How to get the actual data into excel?

Oct 4, 2012 at 7:39 PM

Hi all.

New here.  I found this really great library, however I can't quite figure out how to use it.  the examples show how to do very specif things in vba, then spit the results out to the debug console, which is great.  However, I really want to use this tool to grab result sets from sqlite, and put into a excel page (table, pivot, whatever).


Does anyone have some examples of doing so?  Something like:

Select x,count(y),sum(z) from datatable where owner ="somebody" group by x

to the following imagined rows in excel on some sheet somewhere:

A      |  B |  C  |

xval1  10  100

xval2   5   5000



I see how to grab the data, what I don't see is how to put it into an array then to table range, or directly to cells even.


Thanks in advance.   And thanks for the cool tool.  This will allow me to distribute with zero dependencies (not even the odbc driver) which is key.  the alternative is access, which I despise...

I picked this example as it covers the extent of the types of things i need t do (select, groub by, and count/sums)

Oct 4, 2012 at 8:16 PM


You'd have to learn about the Excel object model, and how to use it from VBA. That's a much broader topic than that covered by this library (which is just about getting to SQLite data from VBA). A good start might be this: You'll also find lots of general introductions to VBA programming by searching the web for "Excel VBA introduction" or something like that.

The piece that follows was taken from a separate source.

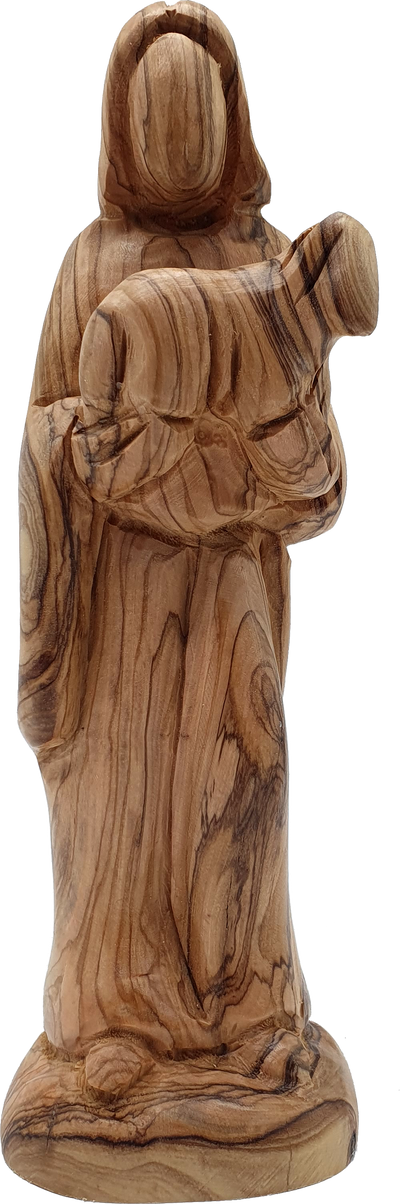 Zuluf Handcrafted Olive Wood Good Shepherd Statue 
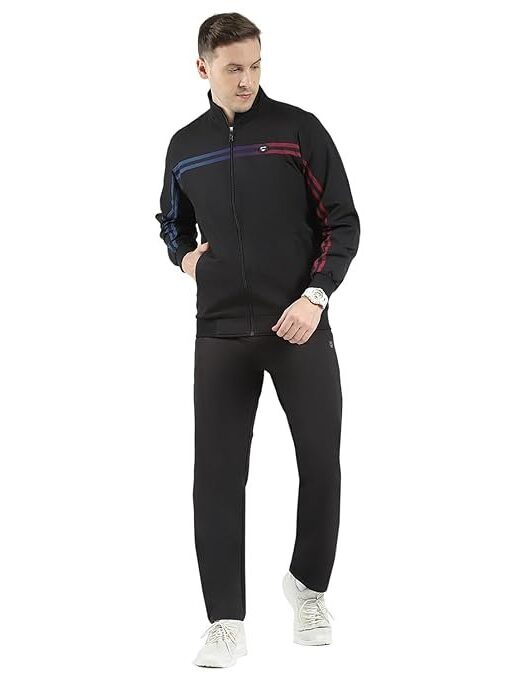 Monte Carlo Men's Regular Fit Tracksuit | Full Sleeve | Mock Neck | Solid Pattern | Stylish & Comfortable Sportswear Track Suit For Men's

Anyway, to write to Excel, you'd make calls on a 'Range' object that represents the part of the sheet you want to modify. In a macro, this is as easy as:

    Range("A1").Value = "asd"


But it's likely you'd have many follow-up questions, which are probably better addressed in a more general forum, like the Excel for Developers forum here:, or even StackOverflow:

I hope that gets you started.



Oct 4, 2012 at 8:51 PM

thank you for your quick response.  however, i guess I was unclear.  I am very familiar with the excel object model, and how to set Range("A1").Value = "asd".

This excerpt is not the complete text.